Therefore when the sovereign dies, the heir immediately becomes king or queen so the present monarch is in residence. (the King is dead. Long live the King). It is deeply symbolic of the continuity of the monarchy.
In 1910, young princes David (later Edward VIII) and Bertie (later George VI) looked out of the window of Buckingham Palace and saw the unthinkable – the Royal Standard was at half mast. Rushing to their father, they were told that their grandfather, King Edward VII had died. They told their father, now George V, that they knew because of the Royal Standard. The new king, although distressed by the death of his father, called immediately for an equerry to rectify this error.
Diana, Princess of Wales
In August 1997, when Diana died, the press whipped public opinion into a frenzy about the fact that there was no flag flown at half mast from Buckingham Palace. Many people feel that this question would have never occurred to the public and blame the media for the ensuing outcry.
The queen, whose priorities at that time were strictly for her two grandsons who had tragically lost their mother, was hurt and baffled by this.
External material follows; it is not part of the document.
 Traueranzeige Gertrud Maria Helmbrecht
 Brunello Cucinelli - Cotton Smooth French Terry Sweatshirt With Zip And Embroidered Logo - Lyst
She was also a little angry.
She felt that it showed a lack of understanding about British tradition and history. The Royal Standard, as explained above, is never flown at half mast. The flagpole at the palace was bare because no flags are ever flown over a royal residence when the sovereign isn’t there. She didn’t expect that some members of the general public would be aware of the finer points of the symbolism of Buckingham Palace flags, but the media was certainly expected to be.
The queen could see any reason why the traditions of hundreds of years should be abandoned.
As we know, after several days of the media’s pressure on the situation, the queen gave in to popular opinion, returned to London, with the boys, and as a compromise, allowed the Union Flag to be flown at half mast.
This action set a precedent and today, the Union Flag can often be seen flying above Buckingham Palace.